■ WHAT YOU NEED TO DO
Skip the pictures. Output only the lines below starting at the line with "Sebastian Name Tall T-Shirt" and ending at the line with "Rondelle, plaque de", both ends included, exactly as they are.

■ EXERCISE DATA
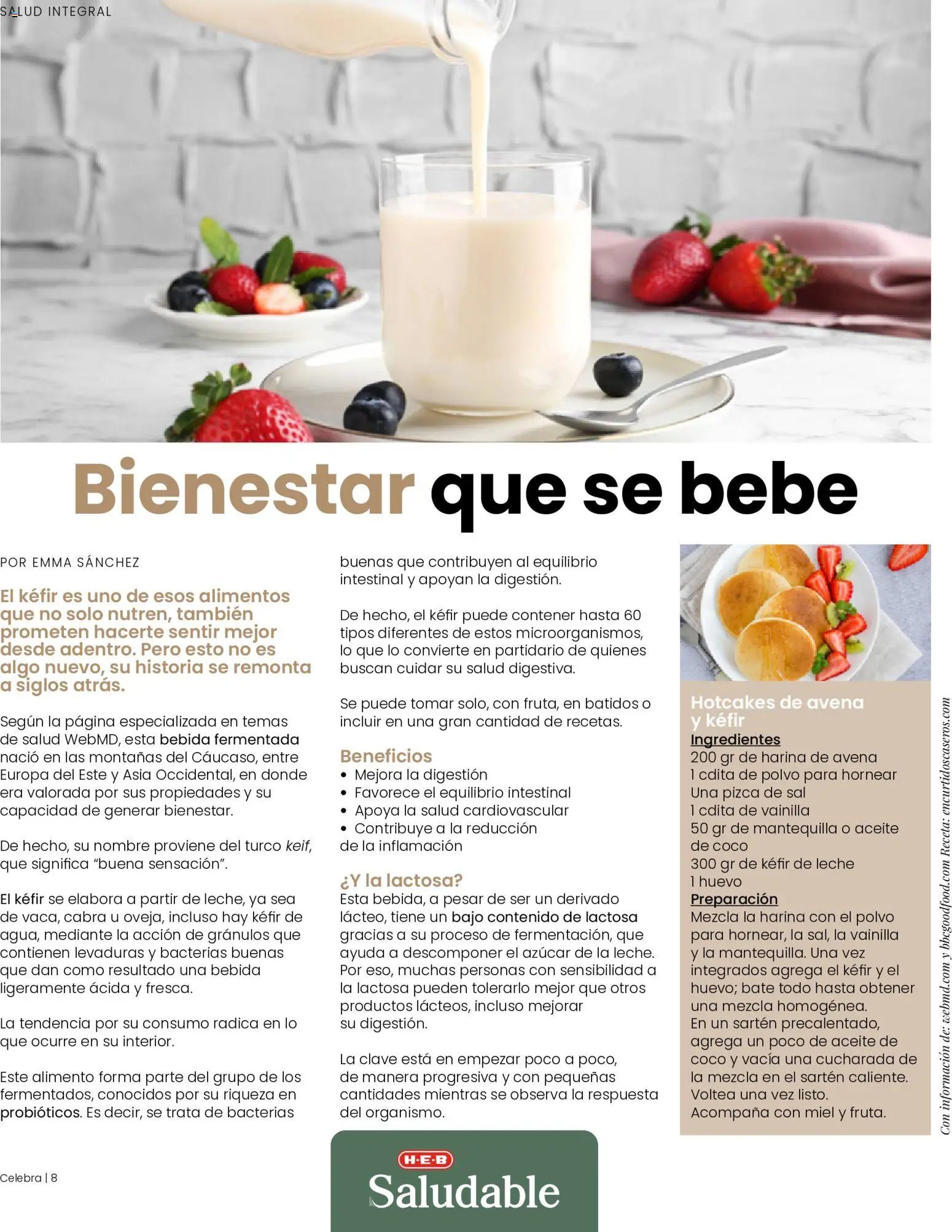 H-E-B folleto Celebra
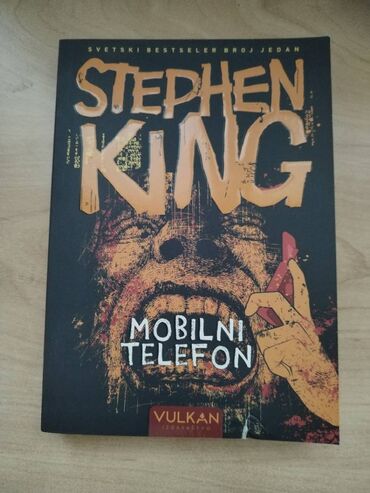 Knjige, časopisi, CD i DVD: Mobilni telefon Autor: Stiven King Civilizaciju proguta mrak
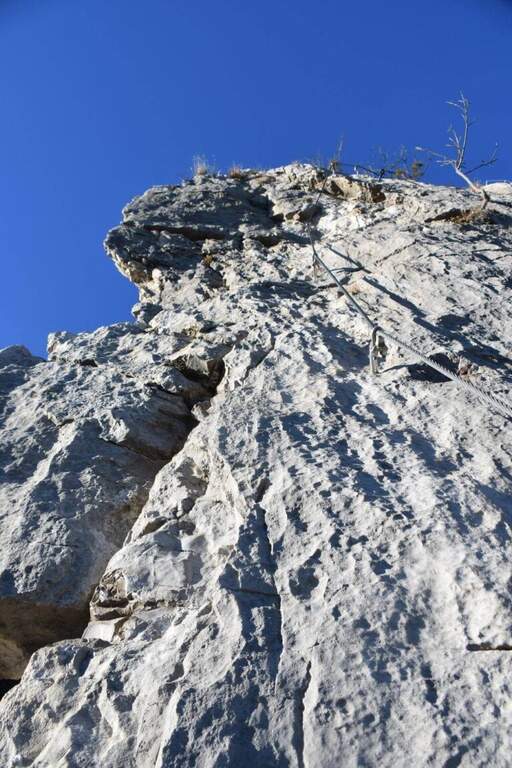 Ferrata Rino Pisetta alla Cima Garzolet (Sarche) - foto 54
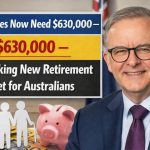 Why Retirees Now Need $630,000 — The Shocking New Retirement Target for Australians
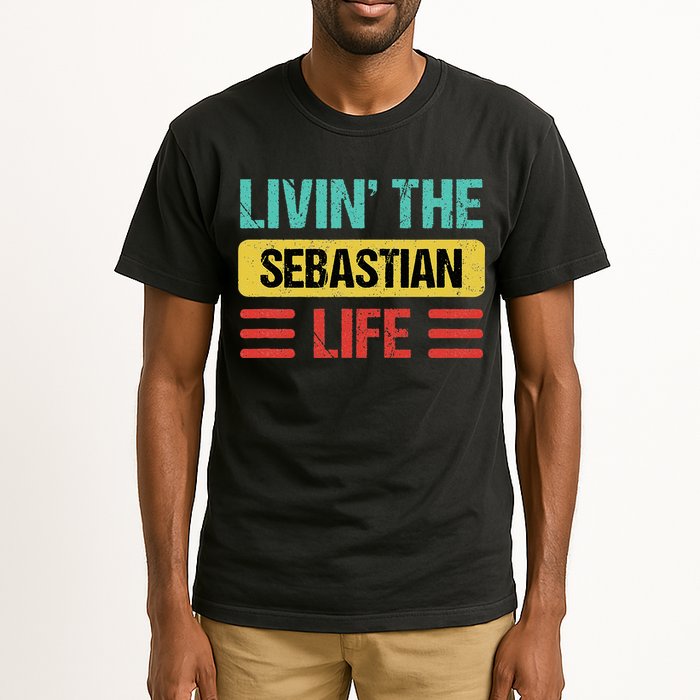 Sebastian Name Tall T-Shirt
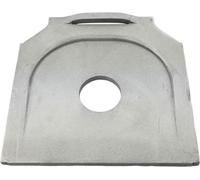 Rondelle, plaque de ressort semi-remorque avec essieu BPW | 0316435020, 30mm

--

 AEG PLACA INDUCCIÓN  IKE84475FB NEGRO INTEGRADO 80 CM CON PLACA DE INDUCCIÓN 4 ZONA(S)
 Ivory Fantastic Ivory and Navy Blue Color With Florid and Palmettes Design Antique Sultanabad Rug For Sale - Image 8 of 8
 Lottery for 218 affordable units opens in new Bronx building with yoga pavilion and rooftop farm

■ COMPLETED TASK
 Sebastian Name Tall T-Shirt
 Rondelle, plaque de ressort semi-remorque avec essieu BPW | 0316435020, 30mm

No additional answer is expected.